MATERIAL FOR THIS EXERCISE
_ _ _

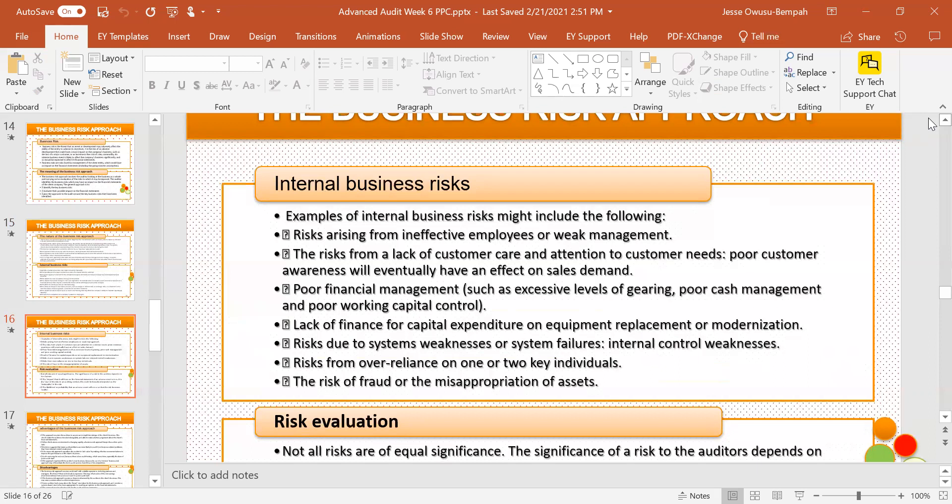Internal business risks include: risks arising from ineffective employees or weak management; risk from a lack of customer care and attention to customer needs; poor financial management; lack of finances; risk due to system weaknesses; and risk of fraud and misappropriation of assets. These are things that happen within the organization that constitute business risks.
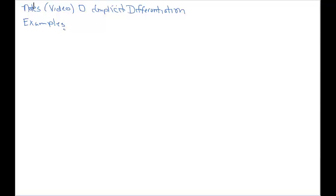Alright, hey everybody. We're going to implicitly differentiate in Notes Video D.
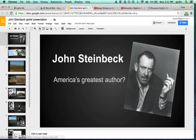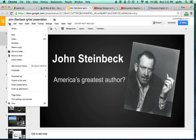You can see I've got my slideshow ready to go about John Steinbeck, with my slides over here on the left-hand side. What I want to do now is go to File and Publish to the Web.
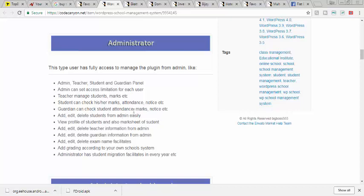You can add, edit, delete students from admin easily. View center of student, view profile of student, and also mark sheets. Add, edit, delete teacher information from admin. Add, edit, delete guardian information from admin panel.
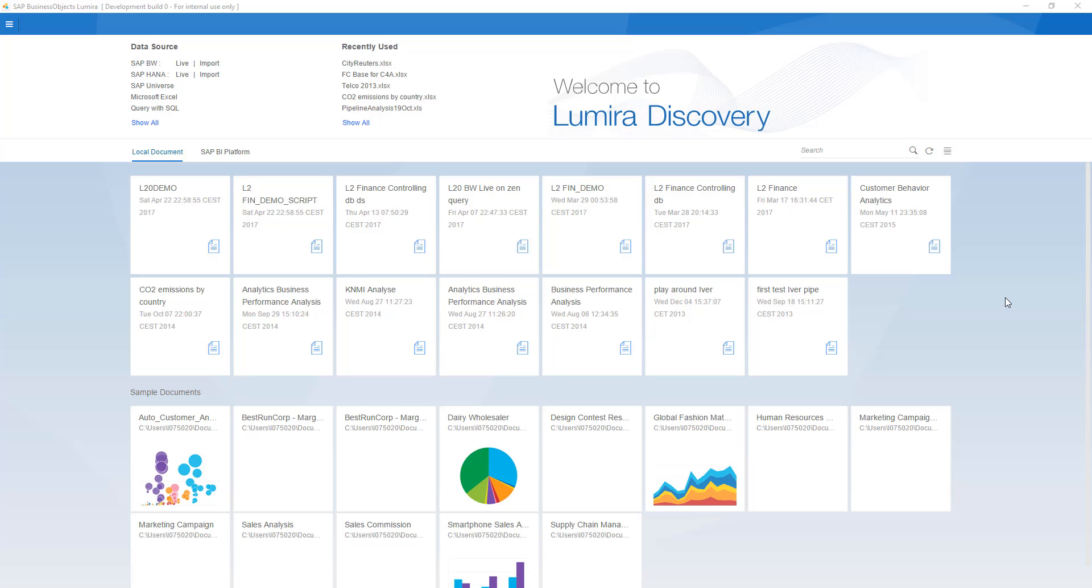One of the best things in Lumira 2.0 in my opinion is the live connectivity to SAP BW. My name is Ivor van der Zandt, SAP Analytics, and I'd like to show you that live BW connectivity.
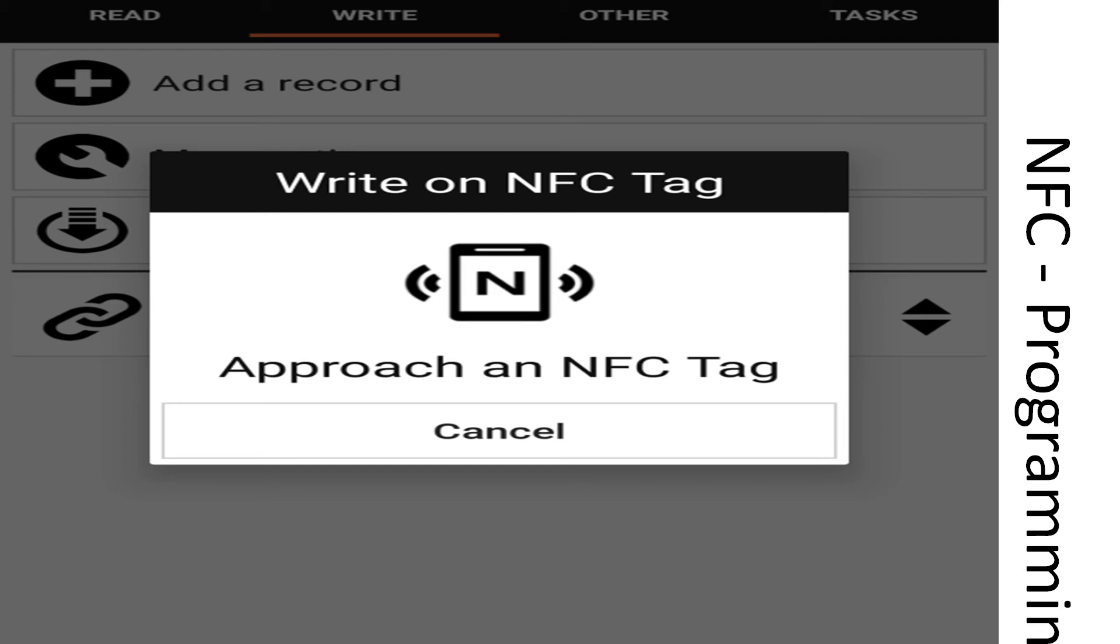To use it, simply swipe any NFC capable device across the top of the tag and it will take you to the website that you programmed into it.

_ _ _

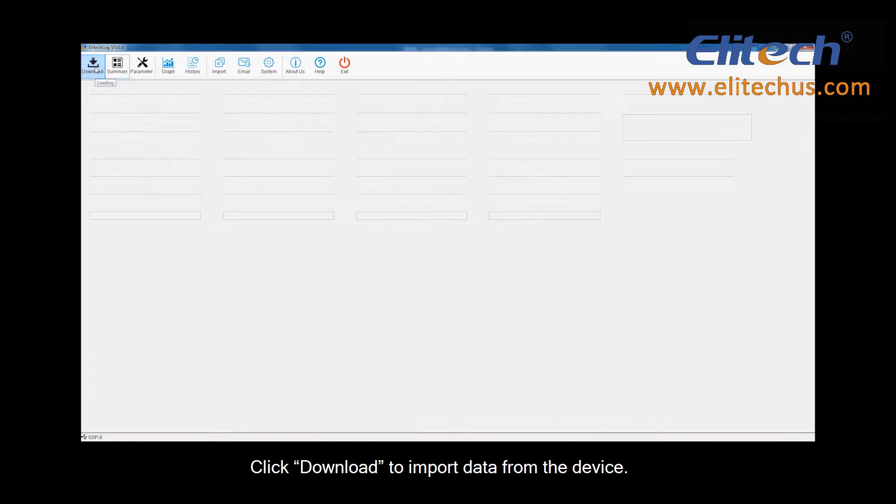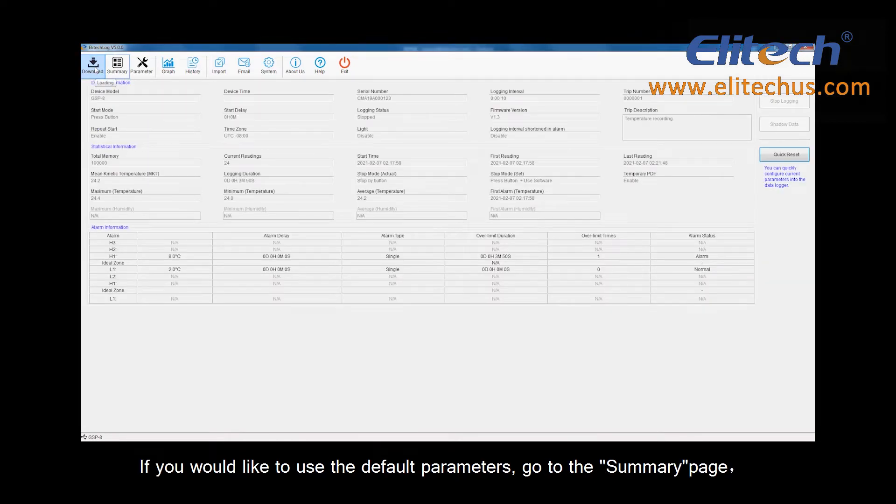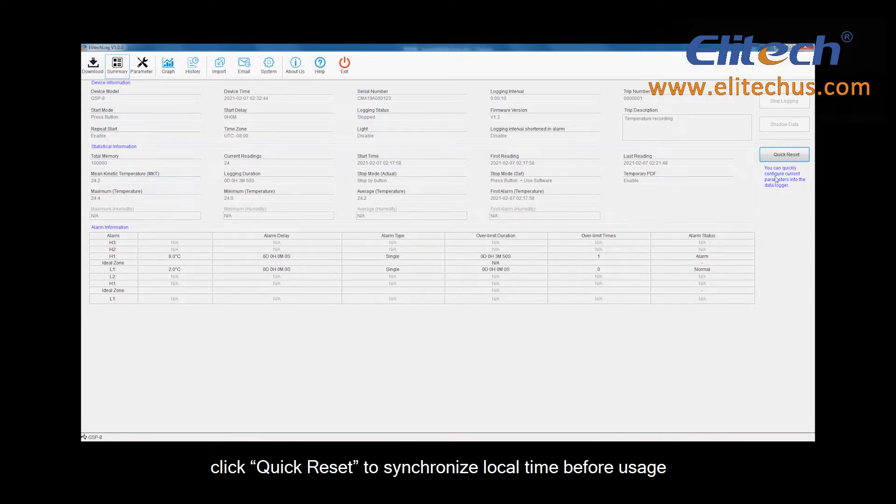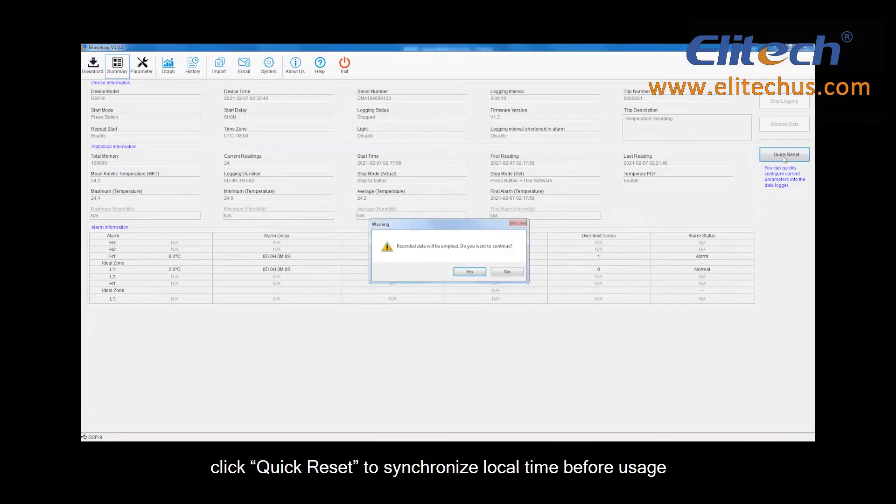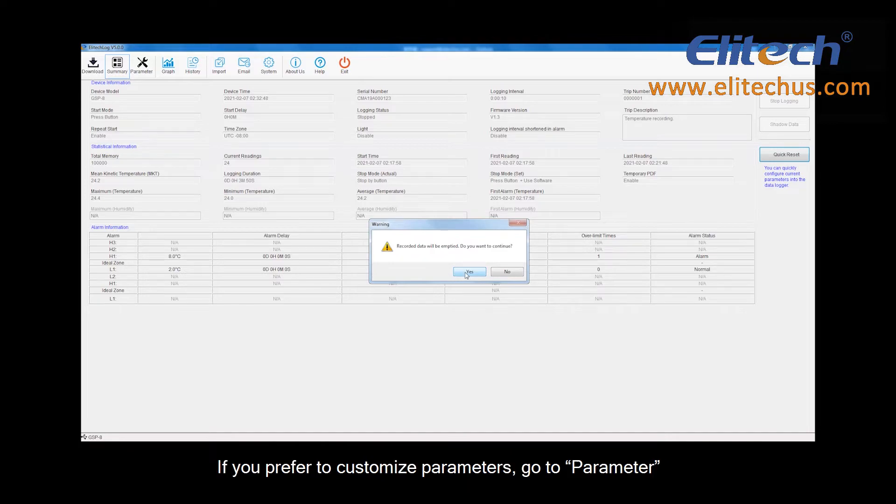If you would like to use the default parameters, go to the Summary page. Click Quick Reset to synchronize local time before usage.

_ _ _

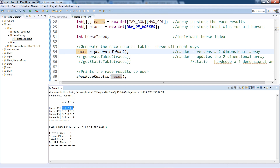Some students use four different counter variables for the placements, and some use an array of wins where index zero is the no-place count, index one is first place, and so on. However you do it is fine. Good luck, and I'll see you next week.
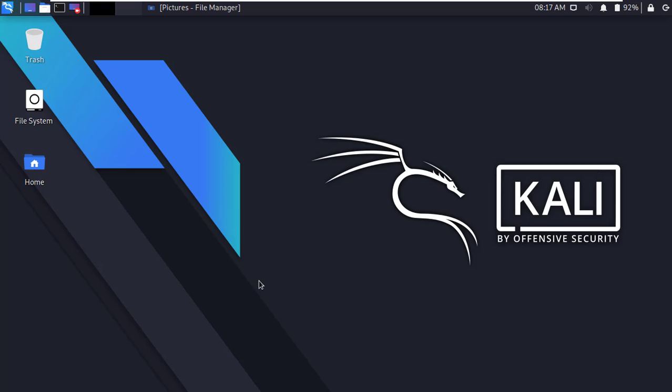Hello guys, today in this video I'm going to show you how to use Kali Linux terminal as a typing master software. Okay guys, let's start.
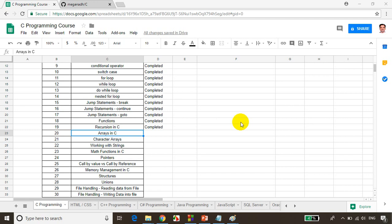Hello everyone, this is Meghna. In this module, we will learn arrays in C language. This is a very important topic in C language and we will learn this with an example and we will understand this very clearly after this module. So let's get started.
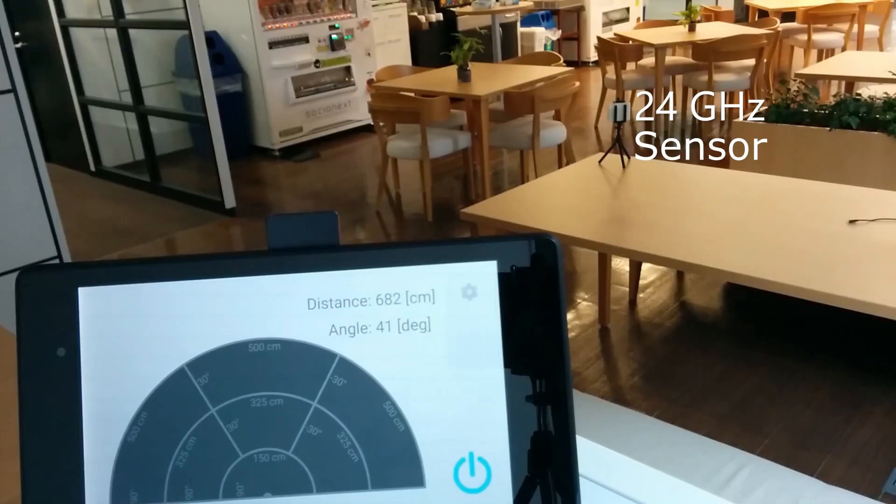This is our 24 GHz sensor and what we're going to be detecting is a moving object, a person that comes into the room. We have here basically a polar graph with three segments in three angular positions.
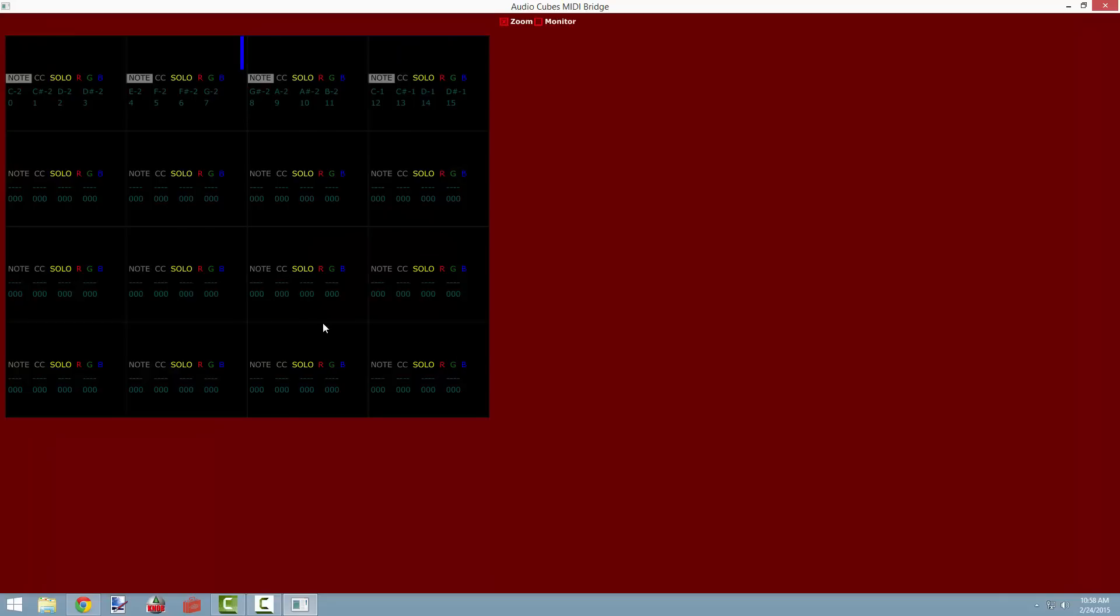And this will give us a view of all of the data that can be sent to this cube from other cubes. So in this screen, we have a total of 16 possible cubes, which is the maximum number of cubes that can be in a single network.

_ _ _

Repeat, without pictures, exactly the lines of the data above from the one containing "One of the best" through the one containing "To use it, simply", including both and adding nothing.

YOUR SOLUTION
One of the best things in Lumira 2.0 in my opinion is the live connectivity to SAP BW. My name is Ivor van der Zandt, SAP Analytics, and I'd like to show you that live BW connectivity.
To use it, simply swipe any NFC capable device across the top of the tag and it will take you to the website that you programmed into it.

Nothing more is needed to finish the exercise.